Jas is hyper-alert, highly imaginative, absorbs all she sees and hears, and is horribly slapped around by the tragic combination of being a child, suffering an inconsolable loss and belonging to a devoutly religious family. After Matthies’s death, his parents become increasingly silent, introverted and selfish in their grief, and Jas is not invited to express her feelings either; instead she describes her loss in abundant metaphors and similes of everyday life:
‘Although they said nice things about my brother, death still felt ugly and as indigestible as the lost tiger nut we found days after a birthday party behind a chair or under the TV cabinet.’
Only once is Jas asked if she misses her brother, and that is by the predatory village vet. Church attendance and belief in God should suffice, the strict Reformist community believes. But Jas’s doubt in God grows: ‘Maybe He’s on holiday, or He’s dug himself in. Whatever it is, He’s not exactly on the case.’
Jas darts from subject to subject like a butterfly, delivering energetic streams of consciousness, dictated by the logic of her lively thoughts and language:
‘Matthies always parted his hair in the middle and put gel in his front locks. They were like two curls of butter on a dish; Mum always made those around Christmas: butter from a tub wasn’t very festive, she thought. That was for normal days and the day of Jesus’ birth wasn’t a normal day.’
The Mulders family runs a dairy farm in rural Netherlands at the turn of this millennium, although the novel’s oppressive atmosphere suggests it could be set in a distant Dutch Dark Age. The children are as familiar with animals as they are with humans, and as their grief and trauma are further suppressed, they become more animal-like in their behaviour. What might be considered natural sexual desire and experimentation in puberty becomes violent and incestuous. They know no better. The unhappy parents are themselves out of their depth. Their mother stops eating and states ‘I want to die’, so the children turn hyper-vigilant and devise rituals (killing the cockerel, for example) to keep their mother alive. They ‘feel eternally burdened, to take the weight off our parents’. Jas holds her grief in by refusing to defecate or remove her coat. If she takes it off she believes she will die. Her brother Obbe bangs his head incessantly against the wall. ‘Discomfort is good’, Jas says. ‘In discomfort we are real.’

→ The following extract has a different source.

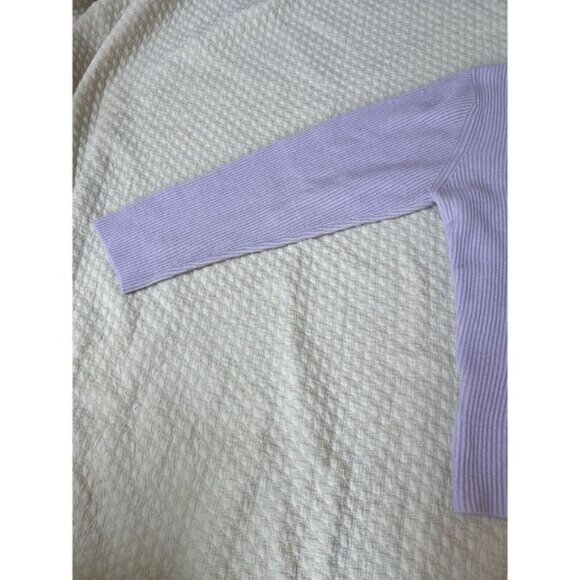 Ravella Valentina Cashmere Cardigan Lavender Lilac Womens Size XL Pearl Buttons - Picture 12 of 16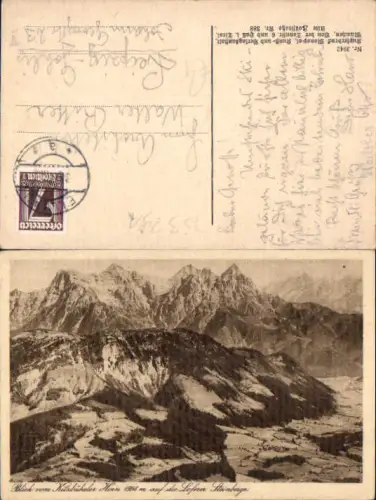 753291 Kitzbühel Tirol Kitzbühler Horn Loferer Steinberge gel Leipzig Gohlis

At a certain point, of course, you think of Lord of the Flies, but with his cruel boys, William Golding was, in the immediate post-war, post-Holocaust period, making broader social and political observations about mankind’s potential for evil. Any great novel is greater than the sum of the words it contains, and, like Lord of the Flies, Discomfort is a great novel – in an outstanding translation (Michele Hutchison has the golden touch) – but I don’t believe that Marieke Lucas Rijneveld’s prime concern is to grandly expose society’s evil; rather it is to see how far this one family might fall, in order to see how far the writer can go. How difficult it is to write as an adult about childhood, to write without sentimentality about death and grief, to write about sex and intimate bodily functions without being pornographic or scatological. There is no artifice to this writing. It is astonishing, often funny, tender and joyfully exuberant. But there is no heavy-handed moral message; these children have been failed by their parents and their community.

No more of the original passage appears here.